(Caption-style text data)

※ ※ ※

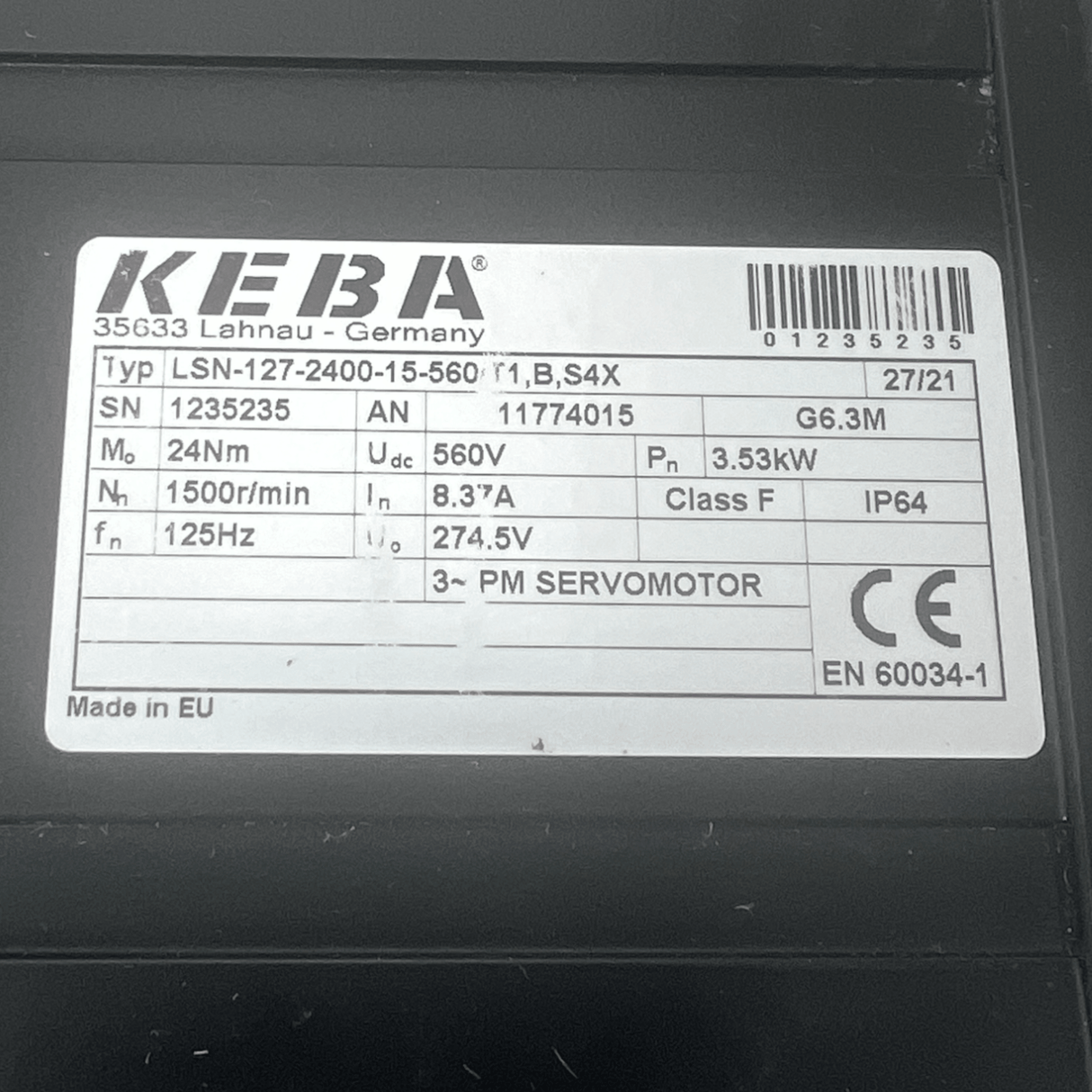 LSN-127-2400-15-560/T1.B.S4X Keba/LTI Drives Servomotor 560V 8.37A 1500R/MIN - Truck To Trailer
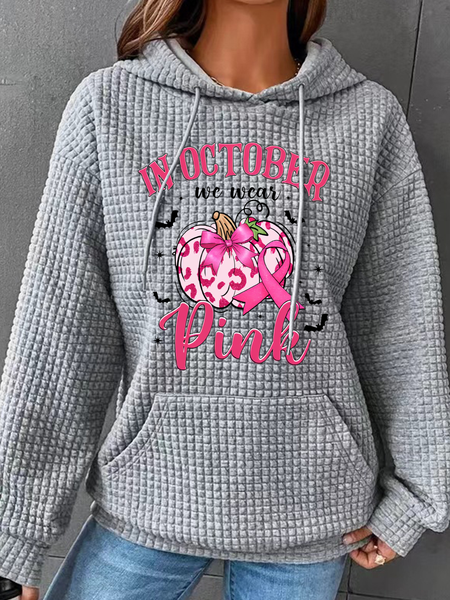 

In October We Wear Pink Retro Breast Cancer Pumpkin Breast Cancer Awareness Simple Loose Hoodie, Gray, Hoodies&Sweatshirts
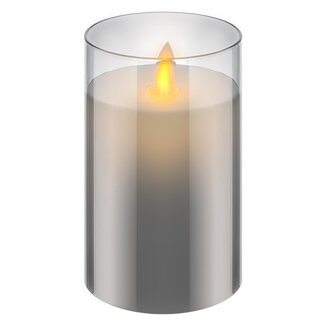 Goobay Goobay glazen LED-kaars | 12,5 cm | timerfunctie | grijs | IP20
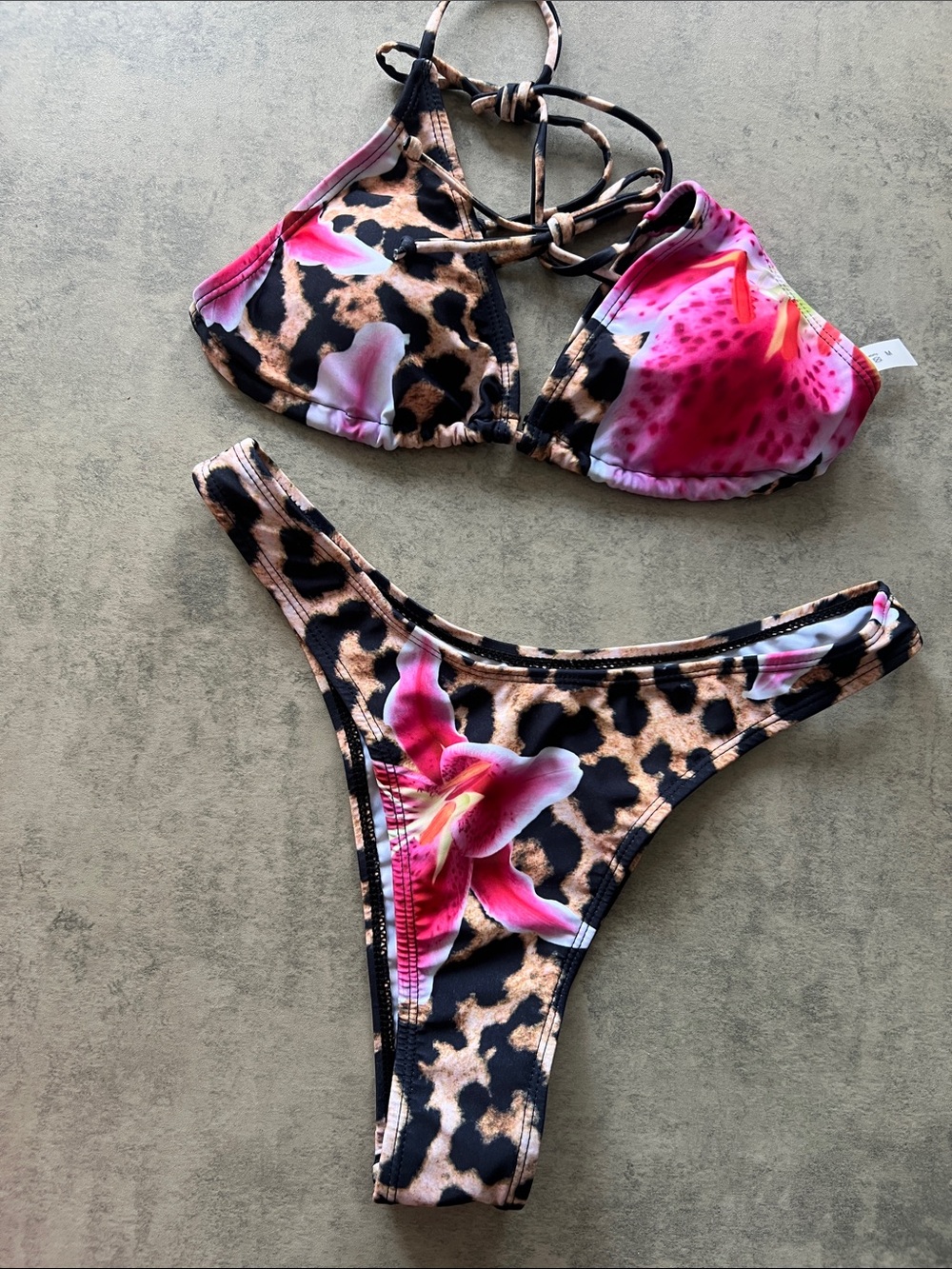 SHEIN Leopard Print Bikini with Pink Floral Accent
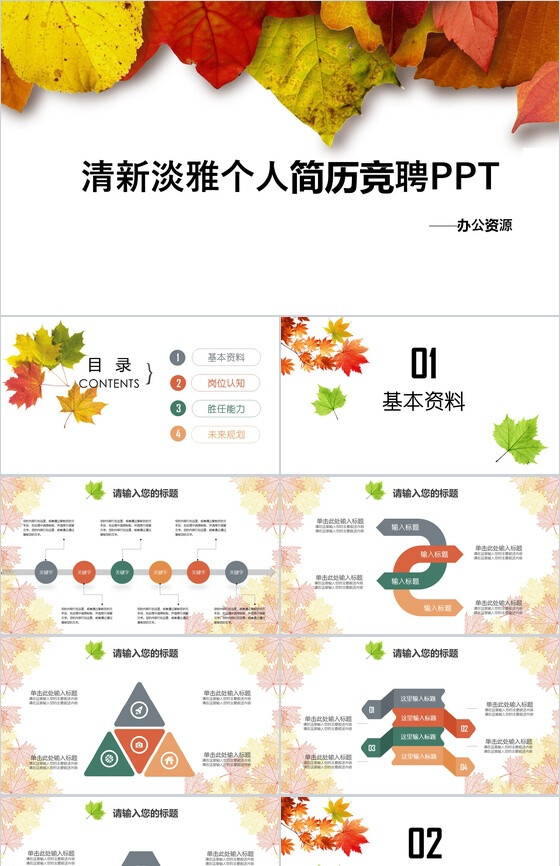 清新淡雅求职简历PPT模板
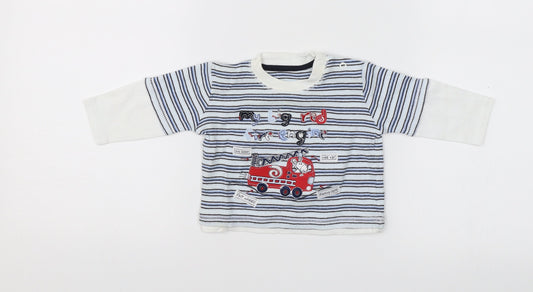George Baby Blue Striped  Jersey T-Shirt Size 0-3 Months  - My big red fire engine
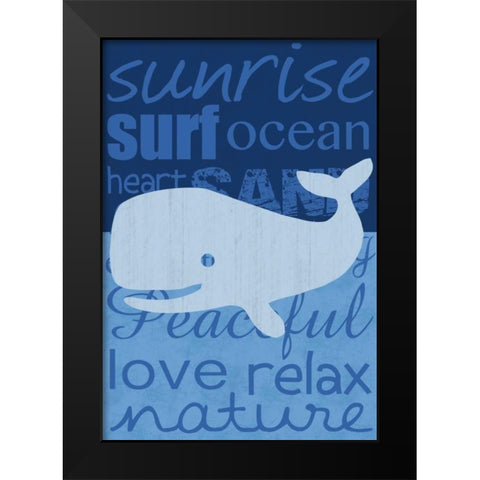 Beach Whale Black Modern Wood Framed Art Print by Gibbons, Lauren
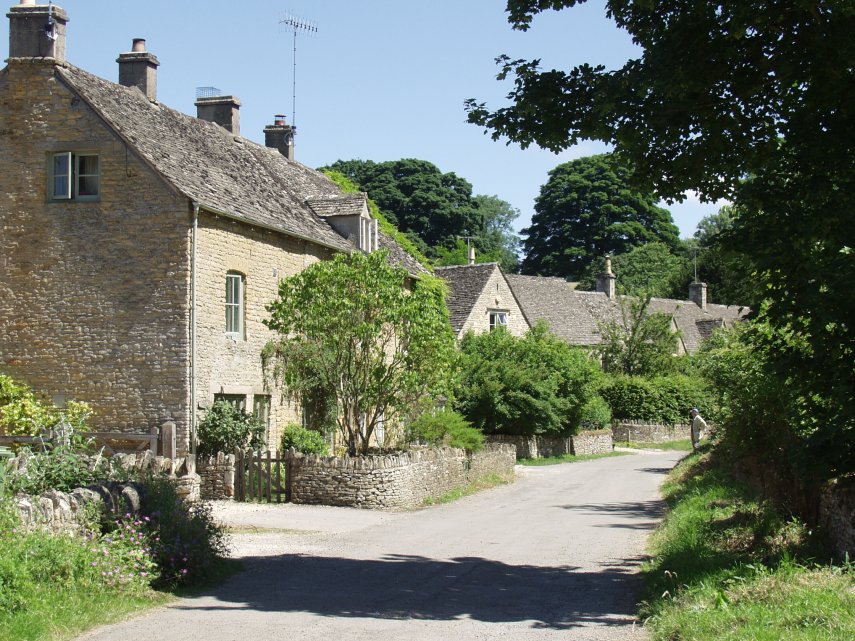 Scene showing Cotswolds Cottages, Upper Slaughter, Gloucestershire, England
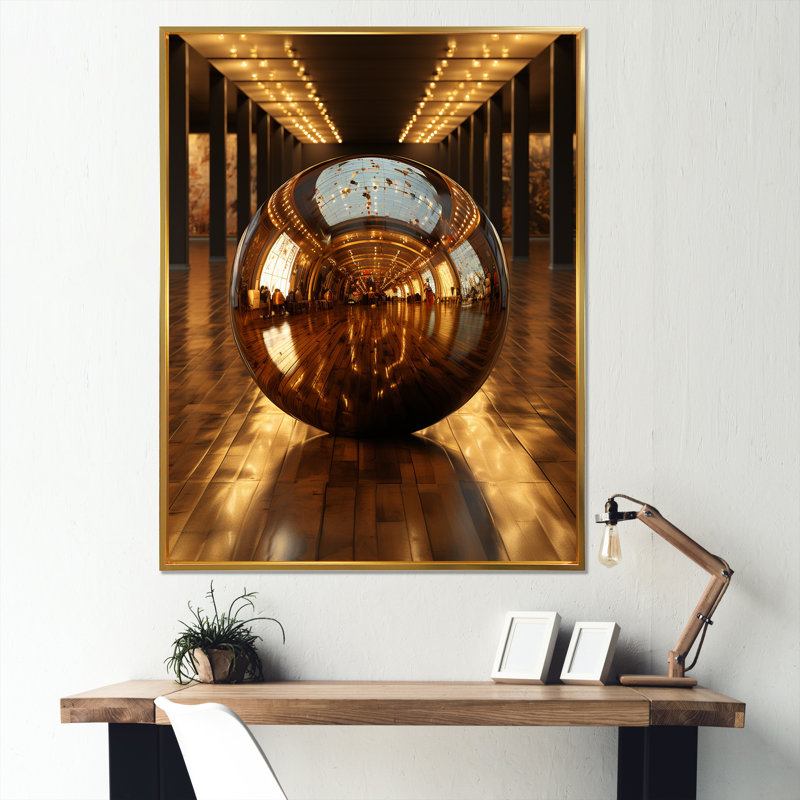 Bronze Bowling Reflections - Bowling, reproduction d'art sur toile, Cadre flottant doré, H 20 po x l 12 po x P 1 po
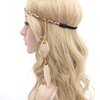 Numblartd Stylish Boho Hippie Feather Hair Band Headband - Indian Vintage Elastic Head Wrap Hair Accessories Headdress for Lady Women (Beige)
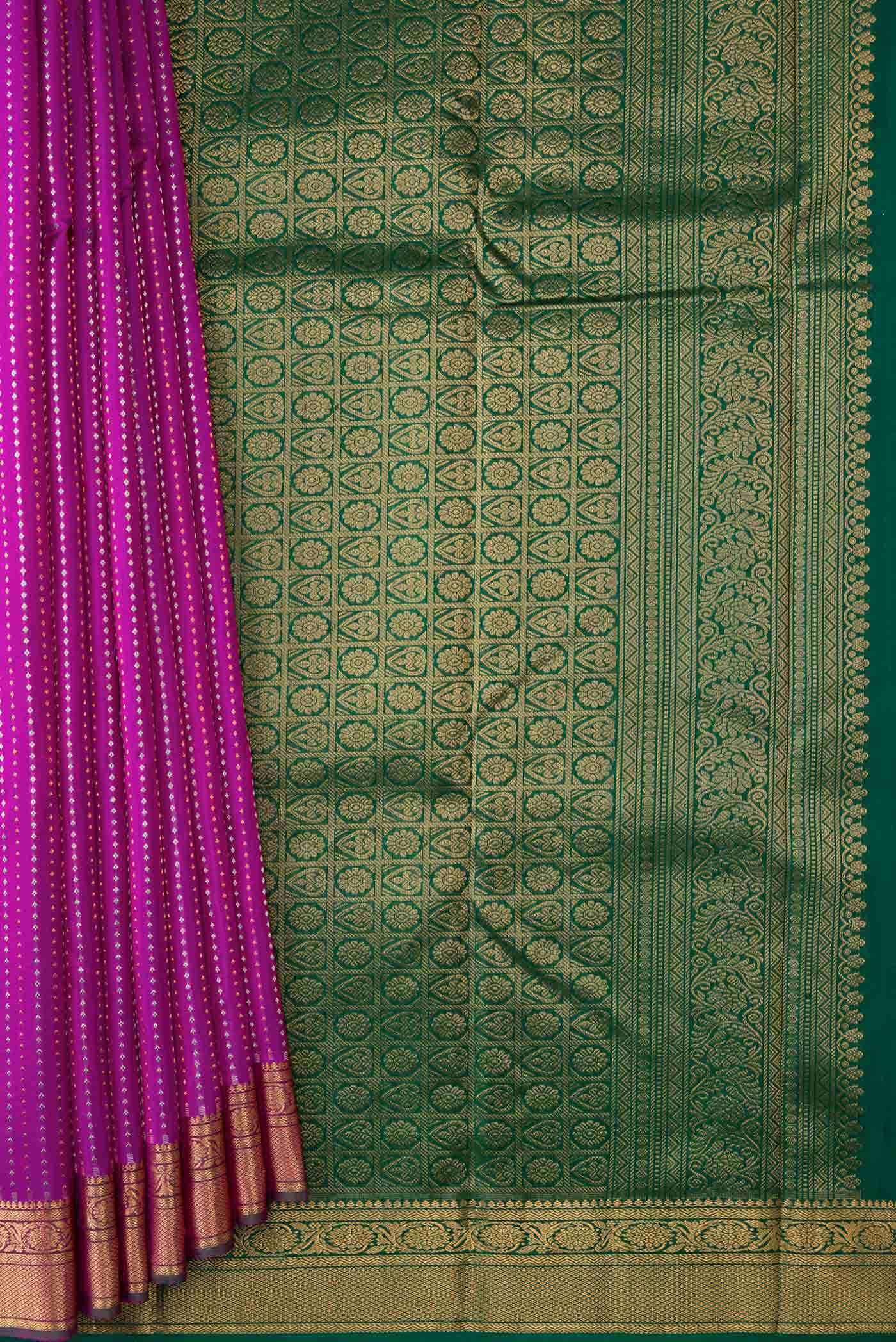 Pink Dual Tone Kanchipuram Silk Saree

※ ※ ※

■ **EXERCISE REQUIREMENTS**
Leaving the pictures out, set down exactly the lines from the one with "Goobay Goobay glazen" through the end of the records.

■ **OUTPUT**
 Goobay Goobay glazen LED-kaars | 12,5 cm | timerfunctie | grijs | IP20
 SHEIN Leopard Print Bikini with Pink Floral Accent
 清新淡雅求职简历PPT模板
George Baby Blue Striped  Jersey T-Shirt Size 0-3 Months  - My big red fire engine
 Beach Whale Black Modern Wood Framed Art Print by Gibbons, Lauren
 Scene showing Cotswolds Cottages, Upper Slaughter, Gloucestershire, England
 Bronze Bowling Reflections - Bowling, reproduction d'art sur toile, Cadre flottant doré, H 20 po x l 12 po x P 1 po
 Numblartd Stylish Boho Hippie Feather Hair Band Headband - Indian Vintage Elastic Head Wrap Hair Accessories Headdress for Lady Women (Beige)
 Pink Dual Tone Kanchipuram Silk Saree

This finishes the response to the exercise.